TO DO: Look for the line with "First Indian Nobel" in the entries below, then extract that line and all lines after it exactly, with pictures left out.
※ ※ ※
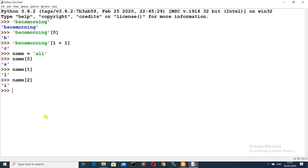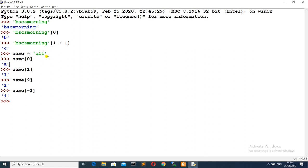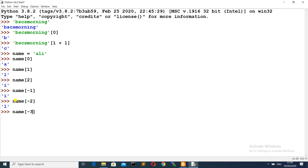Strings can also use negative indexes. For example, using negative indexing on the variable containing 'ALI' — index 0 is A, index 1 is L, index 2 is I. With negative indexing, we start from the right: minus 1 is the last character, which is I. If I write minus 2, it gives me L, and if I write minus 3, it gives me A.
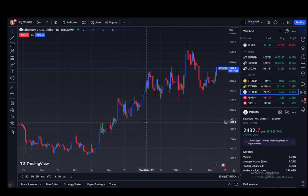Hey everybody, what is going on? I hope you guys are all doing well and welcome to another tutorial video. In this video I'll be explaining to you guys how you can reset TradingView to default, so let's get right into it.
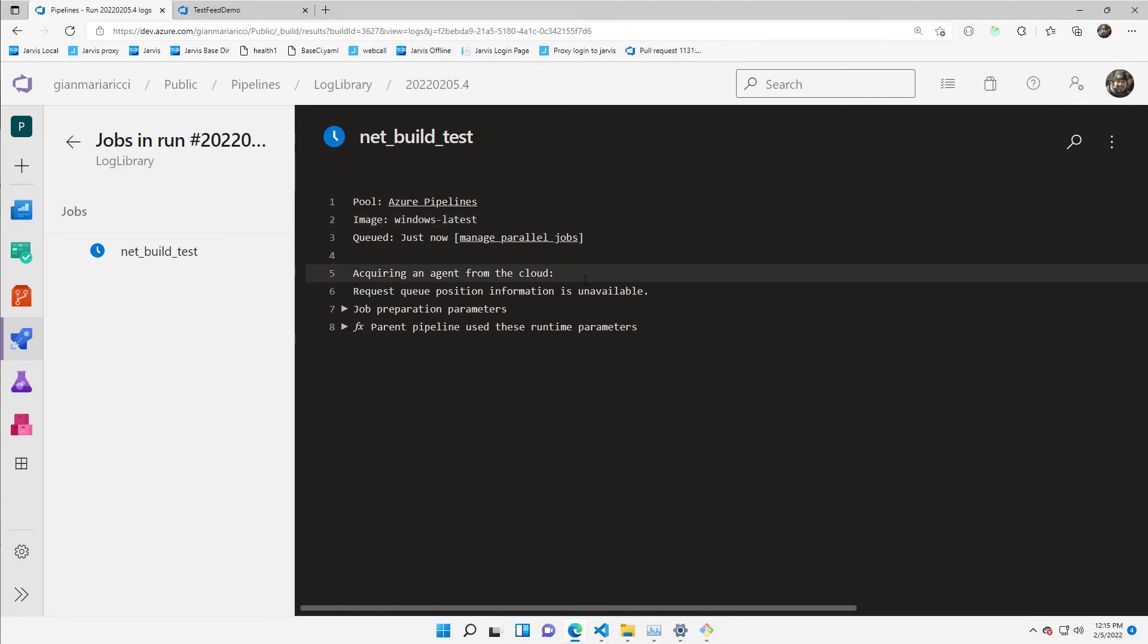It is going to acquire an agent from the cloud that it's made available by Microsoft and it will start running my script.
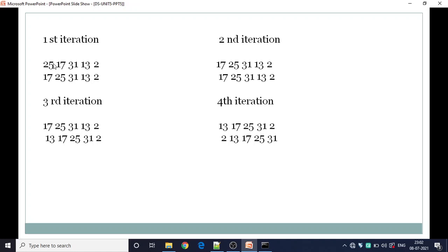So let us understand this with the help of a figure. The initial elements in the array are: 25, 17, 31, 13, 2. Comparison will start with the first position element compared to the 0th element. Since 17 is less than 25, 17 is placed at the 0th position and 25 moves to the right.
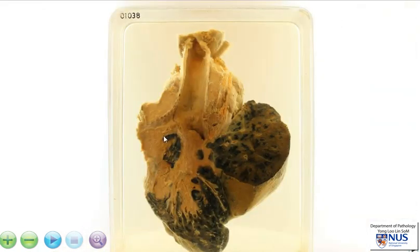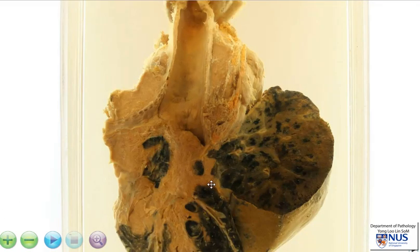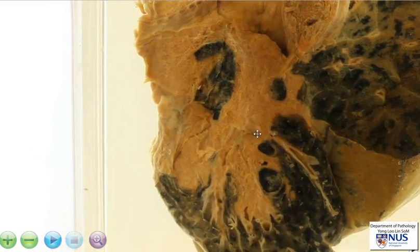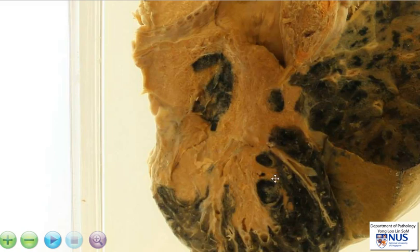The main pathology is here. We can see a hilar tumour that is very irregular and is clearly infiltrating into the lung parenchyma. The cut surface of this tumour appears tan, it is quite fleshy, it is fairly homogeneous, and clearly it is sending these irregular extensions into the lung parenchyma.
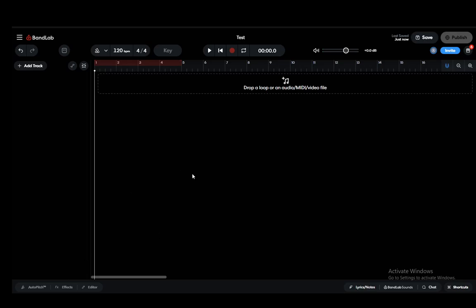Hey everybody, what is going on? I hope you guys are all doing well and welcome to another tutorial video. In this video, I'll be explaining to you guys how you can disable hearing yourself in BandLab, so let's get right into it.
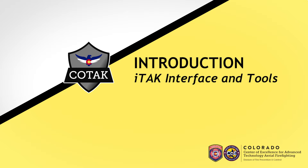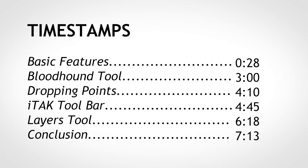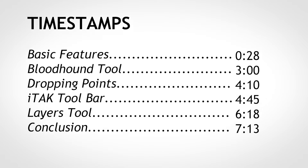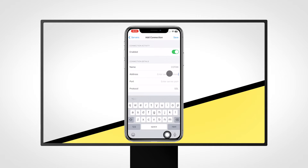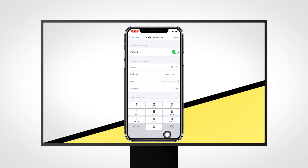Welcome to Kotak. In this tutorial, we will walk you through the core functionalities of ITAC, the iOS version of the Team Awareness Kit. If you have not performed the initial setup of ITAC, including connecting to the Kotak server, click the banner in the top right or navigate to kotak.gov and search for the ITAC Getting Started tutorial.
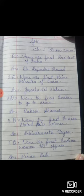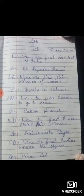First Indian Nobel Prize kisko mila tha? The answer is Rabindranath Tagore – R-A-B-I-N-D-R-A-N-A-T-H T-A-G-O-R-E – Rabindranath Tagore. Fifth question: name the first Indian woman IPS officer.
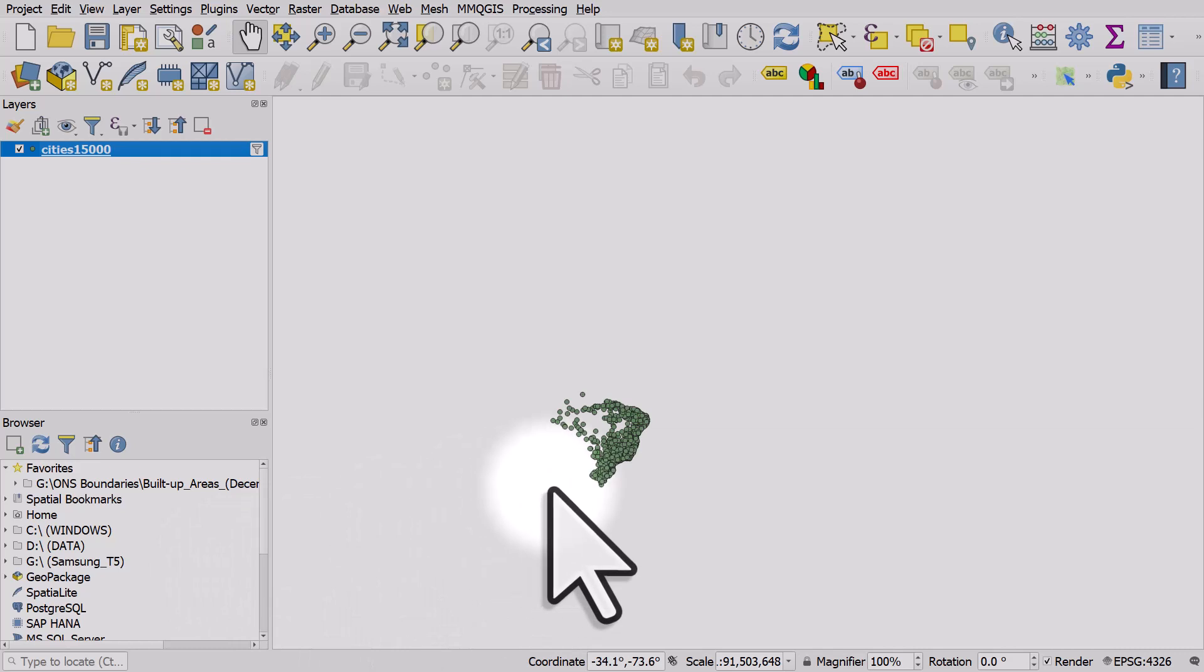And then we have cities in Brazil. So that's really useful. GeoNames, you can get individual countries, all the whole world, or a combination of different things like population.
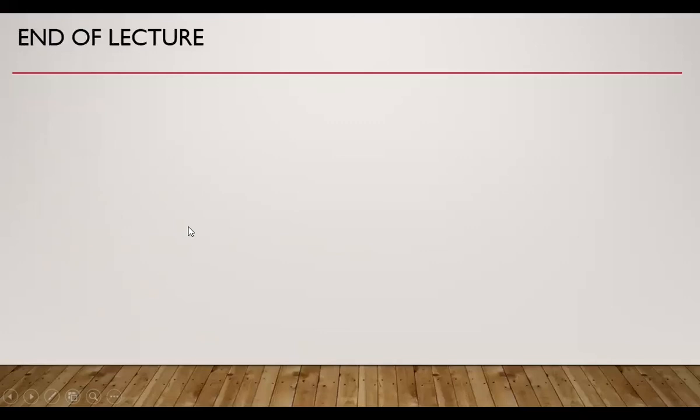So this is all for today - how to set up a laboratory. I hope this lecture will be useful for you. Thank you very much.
※ ※ ※
TASK RESULT:
First Indian Nobel Prize kisko mila tha? The answer is Rabindranath Tagore – R-A-B-I-N-D-R-A-N-A-T-H T-A-G-O-R-E – Rabindranath Tagore. Fifth question: name the first Indian woman IPS officer.
And then we have cities in Brazil. So that's really useful. GeoNames, you can get individual countries, all the whole world, or a combination of different things like population.
So this is all for today - how to set up a laboratory. I hope this lecture will be useful for you. Thank you very much.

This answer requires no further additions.